THE BROTHERHOOD OF THE EPIPHANY
As the Oxford Mission's work moves forward in the new century it is good to look back now and then on those who started that work so long ago, and to recognise the gifts they brought to it. The story of Marsham Argles is a sad one.
The Revd. Marsham Frederick Argles (from his family archives) Fellow of St. John's College, Oxford and Principal of St. Stephen's House, Oxford (Theological College), he went out to the Oxford Mission to Calcutta in 1881.
Mr. Argles had scarcely been twelve months in Calcutta when his health gave way and he was ordered home for what it was hoped would only be a few months. But the illness was more serious than was supposed and he died in 1883, within a fortnight of his arrival in England.
His loss was a heavy one.
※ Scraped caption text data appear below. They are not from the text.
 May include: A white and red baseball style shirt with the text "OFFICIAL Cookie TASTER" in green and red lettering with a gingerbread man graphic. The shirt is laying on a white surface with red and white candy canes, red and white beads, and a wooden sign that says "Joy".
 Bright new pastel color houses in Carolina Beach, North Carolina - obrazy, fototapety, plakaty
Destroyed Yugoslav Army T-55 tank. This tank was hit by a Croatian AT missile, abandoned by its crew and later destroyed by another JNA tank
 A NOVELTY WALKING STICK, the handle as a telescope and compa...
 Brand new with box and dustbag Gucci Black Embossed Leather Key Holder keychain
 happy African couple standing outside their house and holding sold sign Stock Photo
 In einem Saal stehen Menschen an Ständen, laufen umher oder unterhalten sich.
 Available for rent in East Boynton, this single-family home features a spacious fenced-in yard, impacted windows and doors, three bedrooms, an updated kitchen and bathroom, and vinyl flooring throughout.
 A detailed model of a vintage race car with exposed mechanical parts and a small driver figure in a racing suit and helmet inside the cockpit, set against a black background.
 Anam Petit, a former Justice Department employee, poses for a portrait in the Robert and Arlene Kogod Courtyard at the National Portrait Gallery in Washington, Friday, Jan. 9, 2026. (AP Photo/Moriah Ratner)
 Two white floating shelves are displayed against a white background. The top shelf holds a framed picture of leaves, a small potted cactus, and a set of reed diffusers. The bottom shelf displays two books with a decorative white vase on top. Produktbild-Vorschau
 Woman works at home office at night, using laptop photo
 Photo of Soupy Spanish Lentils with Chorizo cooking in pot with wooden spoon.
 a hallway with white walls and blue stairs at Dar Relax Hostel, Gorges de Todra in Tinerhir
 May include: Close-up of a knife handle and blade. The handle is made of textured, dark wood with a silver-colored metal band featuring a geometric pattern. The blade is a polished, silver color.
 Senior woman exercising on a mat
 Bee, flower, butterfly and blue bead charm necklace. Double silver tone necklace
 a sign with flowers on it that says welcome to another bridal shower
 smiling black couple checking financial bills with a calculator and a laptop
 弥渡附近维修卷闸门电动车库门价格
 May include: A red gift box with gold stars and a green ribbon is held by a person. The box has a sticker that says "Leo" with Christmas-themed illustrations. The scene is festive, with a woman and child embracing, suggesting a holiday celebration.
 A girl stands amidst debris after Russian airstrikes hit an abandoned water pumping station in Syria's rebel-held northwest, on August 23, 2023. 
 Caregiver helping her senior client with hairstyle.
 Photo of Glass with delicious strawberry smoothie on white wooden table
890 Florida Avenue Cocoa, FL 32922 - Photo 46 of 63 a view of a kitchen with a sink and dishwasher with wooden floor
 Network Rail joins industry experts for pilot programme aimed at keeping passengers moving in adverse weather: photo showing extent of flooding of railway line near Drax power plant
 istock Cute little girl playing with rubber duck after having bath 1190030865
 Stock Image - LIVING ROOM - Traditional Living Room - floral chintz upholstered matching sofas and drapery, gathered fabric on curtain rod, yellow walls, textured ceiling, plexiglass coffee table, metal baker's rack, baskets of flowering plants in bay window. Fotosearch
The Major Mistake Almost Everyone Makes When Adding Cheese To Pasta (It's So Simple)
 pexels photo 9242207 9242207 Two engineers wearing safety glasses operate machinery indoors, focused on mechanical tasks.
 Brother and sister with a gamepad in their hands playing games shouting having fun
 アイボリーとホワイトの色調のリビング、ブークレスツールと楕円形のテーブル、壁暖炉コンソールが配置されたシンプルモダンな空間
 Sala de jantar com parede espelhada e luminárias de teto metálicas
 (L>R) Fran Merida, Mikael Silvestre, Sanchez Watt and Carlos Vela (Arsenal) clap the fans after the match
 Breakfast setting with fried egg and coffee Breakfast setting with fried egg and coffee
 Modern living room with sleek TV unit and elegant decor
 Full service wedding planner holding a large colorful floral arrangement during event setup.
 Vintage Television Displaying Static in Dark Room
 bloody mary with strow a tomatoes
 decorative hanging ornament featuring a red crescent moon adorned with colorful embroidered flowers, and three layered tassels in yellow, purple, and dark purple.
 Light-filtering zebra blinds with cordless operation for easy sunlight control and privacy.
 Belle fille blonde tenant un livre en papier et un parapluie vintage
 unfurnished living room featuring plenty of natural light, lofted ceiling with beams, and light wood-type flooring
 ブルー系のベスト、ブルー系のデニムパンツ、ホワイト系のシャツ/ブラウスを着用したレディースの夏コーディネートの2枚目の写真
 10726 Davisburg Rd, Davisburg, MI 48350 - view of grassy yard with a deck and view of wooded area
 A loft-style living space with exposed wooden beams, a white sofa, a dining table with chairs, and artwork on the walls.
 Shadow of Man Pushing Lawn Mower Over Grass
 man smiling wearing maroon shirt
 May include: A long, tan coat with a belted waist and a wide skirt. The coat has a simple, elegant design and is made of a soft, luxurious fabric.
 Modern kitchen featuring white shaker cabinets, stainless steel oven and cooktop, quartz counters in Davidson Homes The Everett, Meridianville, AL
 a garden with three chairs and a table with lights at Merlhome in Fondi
His special gifts, the saintliness of his life, his keen enthusiasm for the work took away from the Mission one who could ill be spared. Mr. Gore in an article in The Guardian speaking of his death said:
"The Church of England from the point of view of her own apparent needs has reason to deplore deeply the untimely loss of the Revd. Marsham Frederick Argles. We have not too many men who combine with intelligence and ability an unwavering and persistent strength of conviction and purpose. The words in the Burial Service - 'steadfast, unmoveable, always abounding in the work of the Lord' - are the best description of his character.
"He was pre-eminently simple, gentle, truthful and at all times rigorously obedient to conscience. In faith and practice wholly catholic, he seemed to give himself specially among Christian duties to the cultivation of prayer and fasting. Wherever he was, he was for ever diffusing around him an atmosphere of steadiness, patience and happiness; he was intolerant of nothing but sin, indolence or unhopefulness in Christians. He was full of an affection strong and deep rather than demonstrative.
"Such he was, and as he grew without check from his first coming up to Oxford; and so there was steadily developed and matured in him that temper of cheerful discipline which made a 'religious life' seem natural to him and that vocation to missionary work the first consciousness of which dated from his boyhood. To this vocation he responded so loyally that it would have been, as he said just before he left England, 'a greater self-denial to him to stay at home than to go to India'; and to it he finally sacrificed his life.
"His friends would agree that they have never known a character which it is more easy to think of in the tranquil waiting state of Paradise".